Symbiosis is an industry-leading pharmaceutical Contract Manufacturing Organisation (CMO) based in Stirling, Scotland, specialising in the sterile fill/finish of vials of injectable bio/pharmaceutical. The company was established in 2011 in response to the increasing global demand for niche, sterile manufacturing specialists that could satisfy the need for supply of product for clinical trials. The team at Symbiosis have recently manufactured clinical trial supplies of the Oxford-AstraZeneca Covid-19 vaccine.

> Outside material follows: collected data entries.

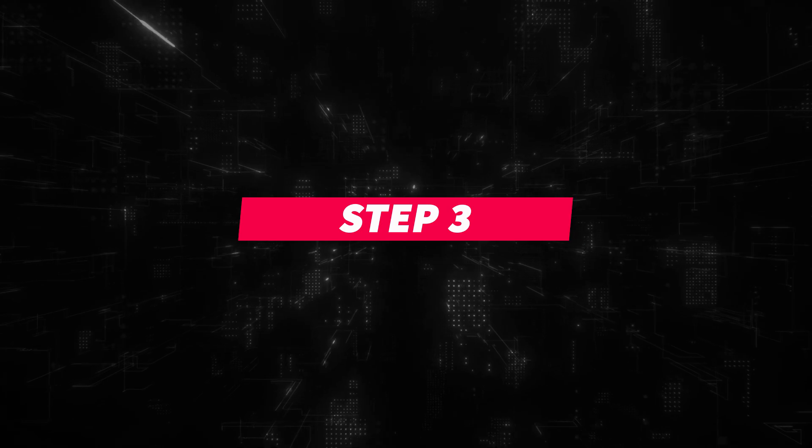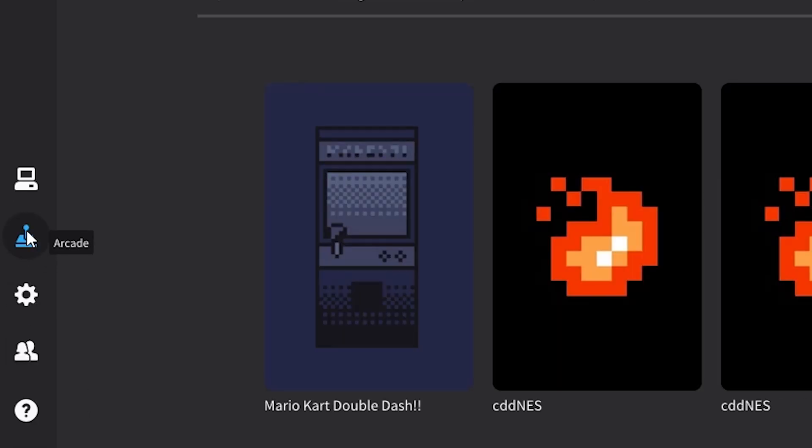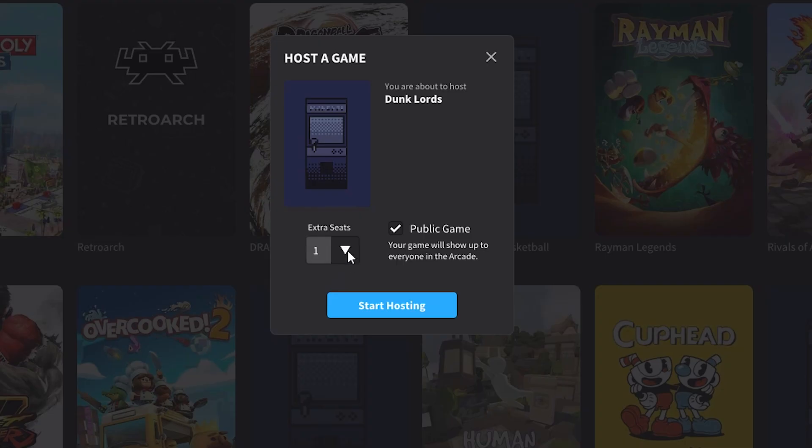Step 3: On the Parsec application, head on over to the Parsec Arcade and choose to host Dunk Lords.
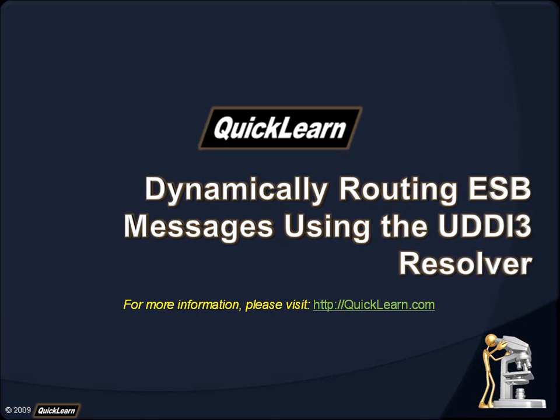QuickLearn is the world leader in .NET, SharePoint, and BizTalk server training and consulting. Our instructors have taught more developers and administrators how to successfully build and manage BizTalk Enterprise solutions than any other company in the world.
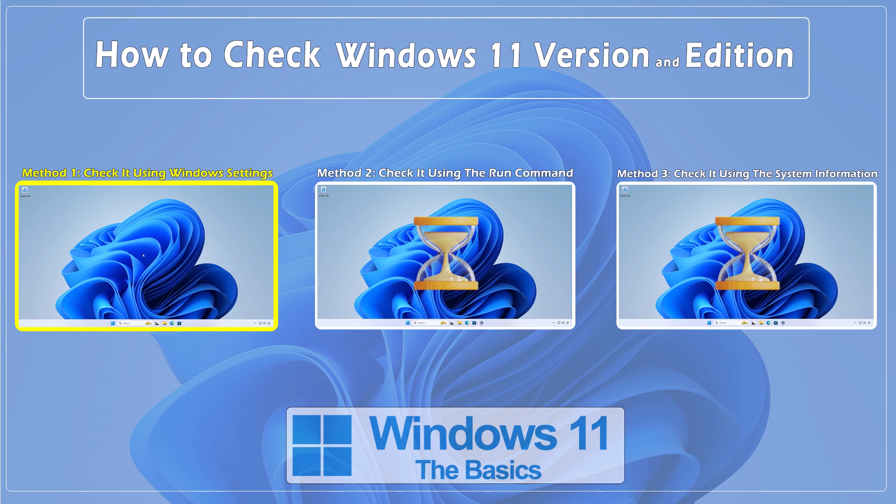Hello everybody and welcome to CNATT channel. In this video, we'll show you how to check the Windows 11 version and edition. There are several ways to check your Windows version. We'll show you three methods.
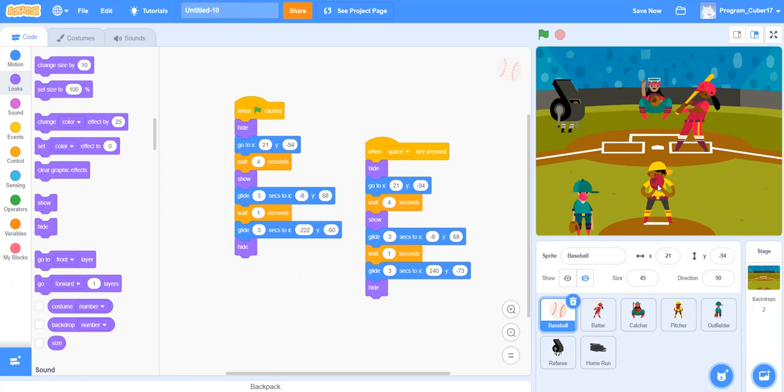And then, because I want it to go smooth, I took the glide. I made it glide into the area where the batter's bat comes out. And then I made it wait one second, so the batter hits it, and then goes on to its next page. And then I make it glide into the outfielder's hands, and then I make it hide.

Symbiosis first recruited apprentices through the Advanced Therapies Apprenticeship Community (ATAC) in 2019. Their apprentices have been a mix of talented new recruits to the company alongside existing staff who were given the opportunity to upskill through this programme. All apprentices are currently studying towards the Modern Apprenticeship (MA) in Life Sciences through Forth Valley College.
The impact of apprenticeships on the organisation
The opportunity to recruit and upskill staff through the MA in Life Sciences has brought about positive improvement for Symbiosis. John Downs, Training Manager at Symbiosis, explained that:
“Our apprentices can be very direct when giving us constructive feedback. This has prompted us to make changes to our operating processes after considering their feedback, as well as being able to shape their training experience. We have tried different approaches to supporting our apprentices, from rotation across different departments on a 6-monthly basis to keeping them in one place for longer. At the beginning we were a little uncertain about how to support them, but this has now changed significantly, having put in place clear training processes and support. Operational managers are now regularly wanting to be next on the list to support apprentices in their teams. This has been a real cultural change for us.”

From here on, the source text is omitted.